It’s been well over a year since I ended a vow of celibacy I undertook just over three years ago. I wanted to see what it was like not to have sex for a period of time. Fortunately, I was single (as I am now), so didn’t have to disappoint a boyfriend. 🙂
One thing which struck me when I talked about my decision with my gay male peers was how, while some commended my choice, most criticized it. I certainly understand the drive which underlies their criticism (now perhaps better than I did back then). And while I appreciate their standpoint, one thing which troubled me about many of these conversations was how all too many of my gay peers (and it oftentimes seems men in general) have limited the conversations on sexual restrictions to playing safe.
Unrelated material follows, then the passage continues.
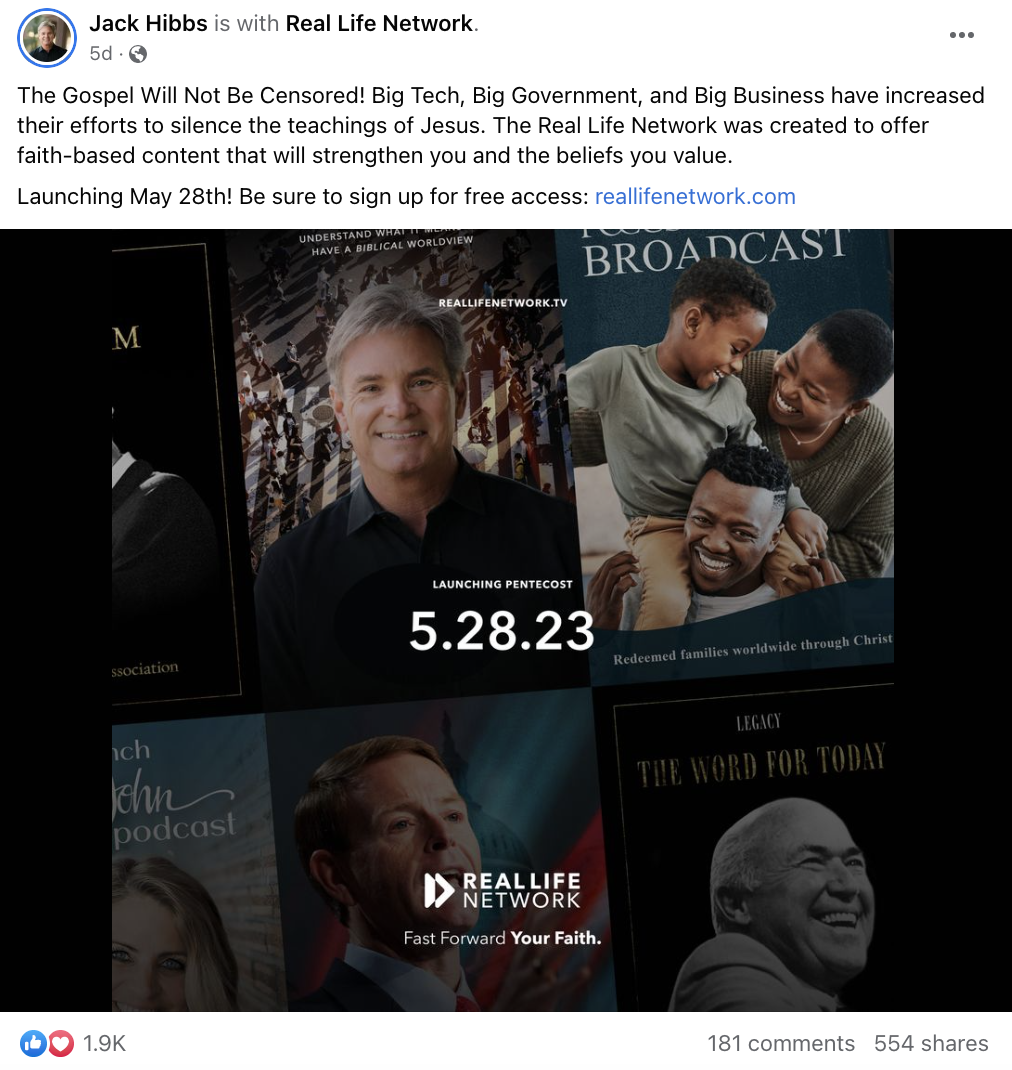 Hibbs Real Life Network announcement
As if there should be no further limitations.
That idea struck me again when I read about how twenty-one years ago, Kevin Jennings handled his meeting with “Brewster.” He wanted to make sure the teen used condoms for intercourse. That’s a good thing, a very good thing, to tell sexually active individuals. But, it’s not all we should be saying. It seems most of us are like Jennings. We don’t want to discourage any sexual expression, provided, of course, it’s “safe.”
And this is where I’ve come down harshest on Jennings, that in the years since that encounter, while he has talked about it repeatedly, he never once questioned whether he should have encouraged “Brewster” to see sexuality as a means not just of physical intimacy, but of emotional intimacy as well. To be sure, he was young at the time and “cnihtwesende,” as I put it in a previous post, may then have had difficulty expressing this notion.
But, as he got older and continue to talk about the experience, having seen more of the world, wouldn’t he have developed a deeper understanding of our sexuality. Perhaps, he addresses that issue in his writings–which I’ll soon find out when the books I’ve ordered arrive.
Now, I know there are many gay men who do understand the emotional aspects of our sexuality, but sometimes it seems even they are reluctant to talk about it. Yet, talk about it we must if we want to have a serious conversation on gay marriage and convince skeptical straight people that we are serious about the institution.
For, a defining aspect of marriage has always been sexual exclusivity. And it’s important that we understand and communicate why that ideal serves a mainstay of the institution.